Retter suchen im Tunnel nach Vermissten
8. Februar 2021Mehr als 2000 Rettungskräfte beteiligten sich in Nordindien an der Suchaktion, um mehr als drei Dutzend Kraftwerksarbeiter zu retten, die in einem Tunnel eingeschlossen sind. Schweres Gerät wurde eingesetzt, um sich den Weg durch einen 2,5 Kilometer langen Tunnel zu bahnen und die 37 Arbeiter zu erreichen, zu denen seit der Flutwelle kein Kontakt mehr besteht.
171 Menschen werden vermisst
An den Such- und Rettungsaktionen im nördlichen Bundesstaat Uttarakhand beteiligen sich Angehörige des Militärs, paramilitärischer Gruppen und der Polizei. Das schroffe Terrain, die Kälte, der Schlamm und die Trümmer im Tunnel seien eine große Herausforderung für die Rettungskräfte. Bislang konnten sie rund 70 Meter in den teilweise verschütteten Tunnel vordringen.
Nach der massiven Sturzflut ist die Opferzahl auf mindestens 26 Tote gestiegen. 171 Menschen werden vermisst.
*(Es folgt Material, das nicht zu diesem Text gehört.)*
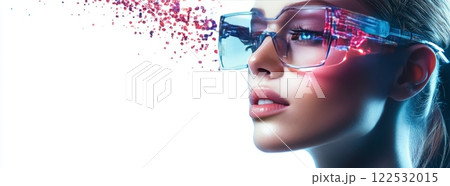 Woman wearing futuristic smart glasses with pixelated glitch effect, augmented reality concept 122532015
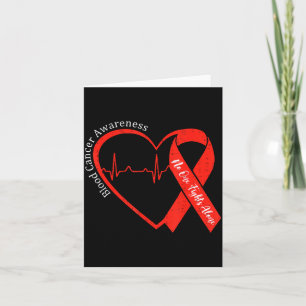 Blood Cancer Awareness Heart Ribbon Red Support Card
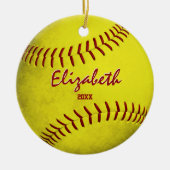 記念女子スポーツグランジーイエローソフトボール セラミックオーナメント (正面)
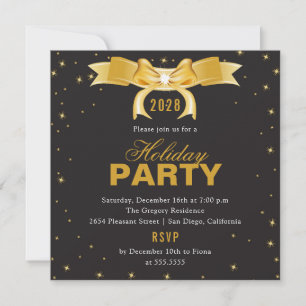 Invitación Fiesta de vacaciones de Golden Bow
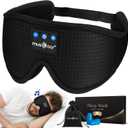 MUSICOZY 3D Bluetooth 5.4 Sleep Headphones, Breathable Wireless Music Eye Mask, Sleeping Headphones with Headband for Side Sleepers, Women, Men, Air Travel, Unique Tech Gifts (Black)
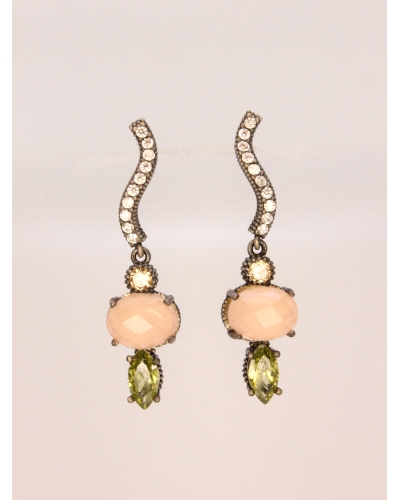 <P>Pendientes de plata de primera ley (925) con cuarzo rosa y circonitas en color blanco,&nbsp;verde y champán.</P>
<P>Cierre d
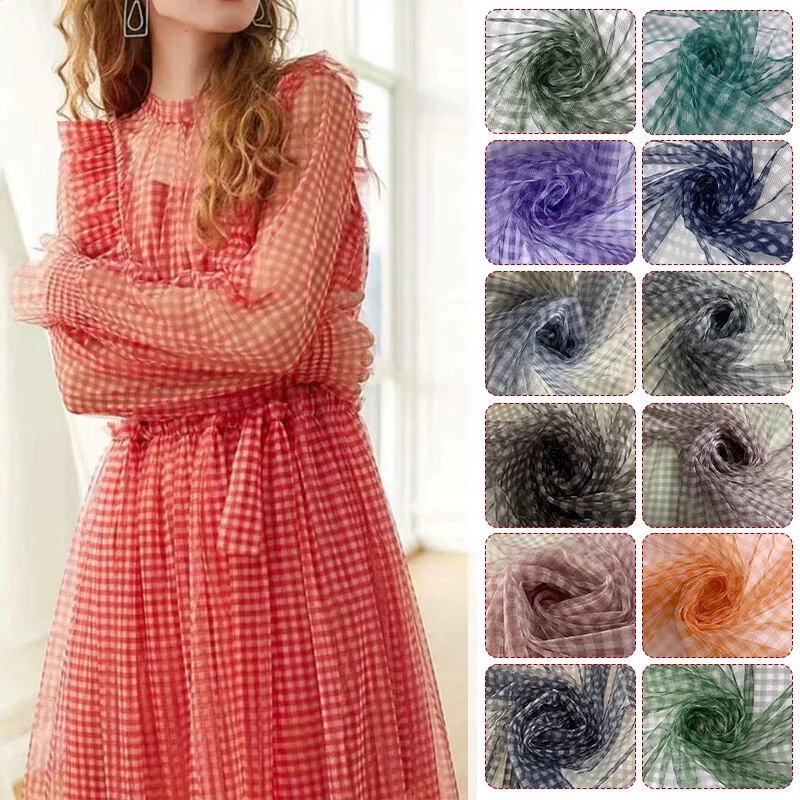 Sewing Batik Fabric - 90x150cm geruite mesh stof transparante jurk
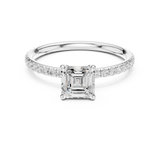 Gold Jewelry, Asscher center stone, White Gold, view 4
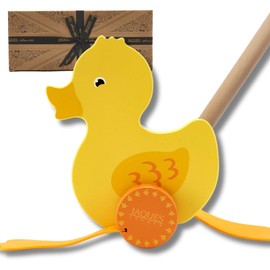 Jaques of London Waddles the Duck Wooden Push Along Toy for Toddlers | Walking Duck Push Toy for 1 Year Old | Classic Wooden Duck Toy | First Birthday Gift for Boys and Girls | Since 1795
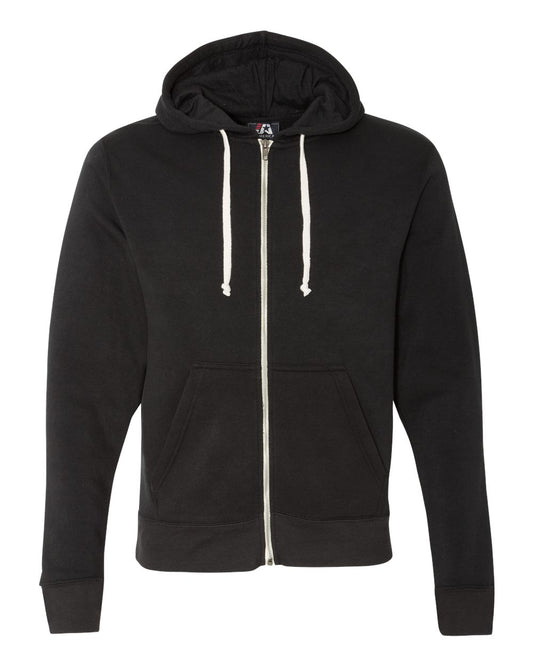 Men's Triblend Full-Zip Hooded Sweatshirt - Front - B23728502 - Black Solid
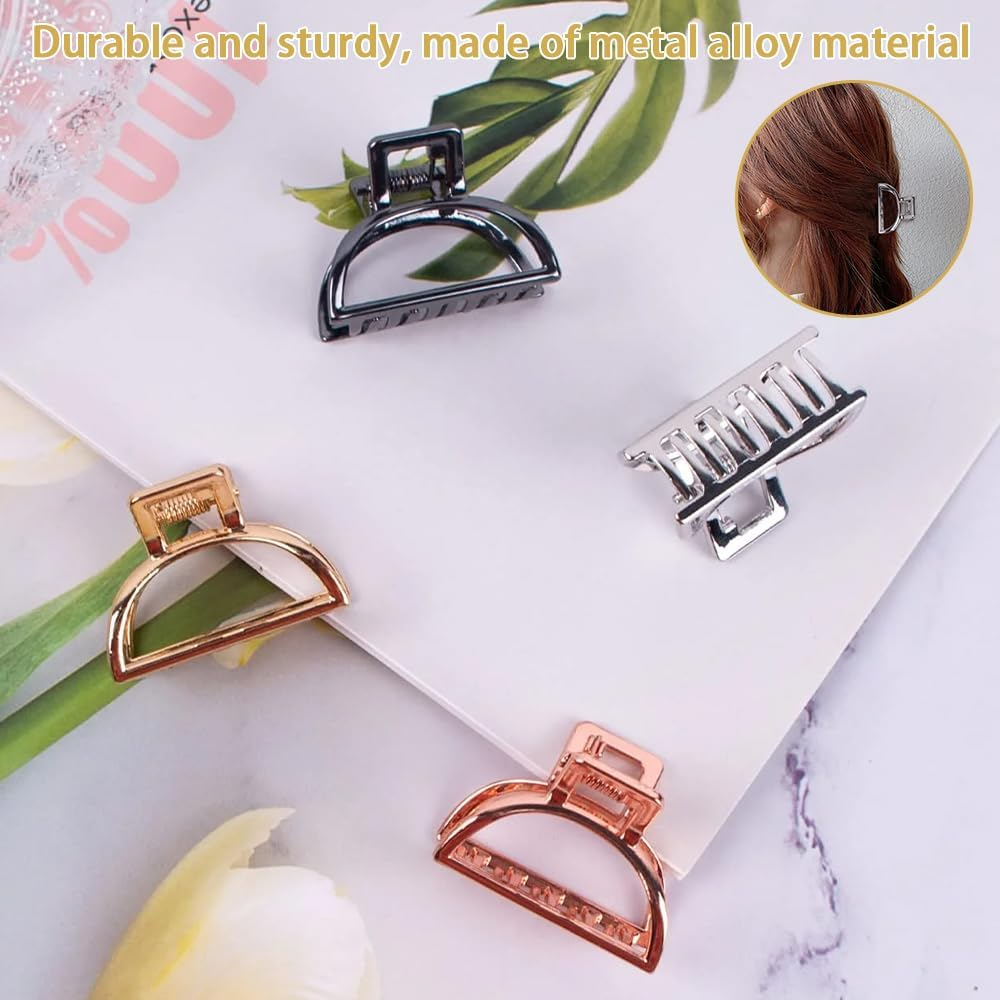 8 Pack Metal Hair Claw Clips,Hair Catches Barrettes,Hair Ornament,Strong Hold Claws,Non-Slip Hair Styling Accessories,Hair Pins,For Women Half Bun image number 5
Ein riesiger Gletscherteil war am Sonntagmorgen von einem Berg im indischen Teil des Himalaya abgebrochen und in einen Fluss gestürzt. Der Vorfall ereignete sich auf einer Höhe von gut 2000 Metern über dem Meer. Die Sturzflut beschädigte zwei Elektrizitätswerke sowie fünf Brücken und schwemmte Straßen und Häuser weg. Da sich weiter oberhalb der gesamte Gletscher flussabwärts bewegt, wurden Menschen in tieferliegenden Dörfern in Sicherheit gebracht.
Führte die Erderwärmung zum Gletscherabbruch?
Einige indische Wissenschaftler gehen davon aus, dass die Sturzflut mit dem Klimawandel und dem Abschmelzen der Gletscher sowie der raschen wirtschaftlichen Erschließung der Region zusammenhängen könnten. So hat der Bau von breiteren Straßen und Kraftwerken die Region womöglich gefährdeter gemacht. In der hügeligen Landschaft gibt es immer wieder Unglücke.
Bei besonders starkem Monsunregen 2013 etwa starben mehr als 6000 Menschen. Von Greenpeace in Indien hieß es, dass das Land nach der jetzigen Flutkatastrophe und derjenigen von 2013 sein Entwicklungsmodell für die Himalaya-Region überdenken müsse.
Enorme Sturzflut
Einige deutsche Wissenschaftler glauben, dass die Sturzflut mit einem massiven Lawinenabgang 2016 zusammenhängen könnte. "Große Eismengen, die aus dieser Zeit noch immer im dortigen Talboden lagen, könnten durch den herabgestürzten Gletscher in Bewegung gebracht worden sein", sagte Geografieprofessor Marcus Nüsser vom Heidelberger Südasien-Institut. Den Forschern liegen eigenen Angaben zufolge hochauflösende Satellitenbilder zu dem Vorfall auf etwa 3400 Meter Seehöhe vor.
Es spreche einiges dafür, dass der Absturz mit der Erderwärmung zusammenhängen könnte. Unklar sei indes, wie die Masse aus Wasser und Schlamm entstehen konnte. "Wir vermuten, der herabgestürzte Gletscher könnte durch den Einschlag und die damit erzeugte Reibungsenergie das gefrorene Wasser in den Ablagerungen der früheren Lawine im Talboden geschmolzen haben", sagte Nüsser. Dies könnte dazu geführt haben, dass die Sturzflut so enorm gewesen sei.
Hoher Sachschaden
Nach Behördenangaben sind die meisten Toten und Vermissten Mitarbeiter der Elektrizitätswerke. Rund 25 hätten gerettet werden können. Der Sachschaden betrug geschätzte 228 Millionen Euro (20 Milliarden Rupien), sagte der Regierungschef des betroffenen Bundesstaates, Trivendra Singh Rawat.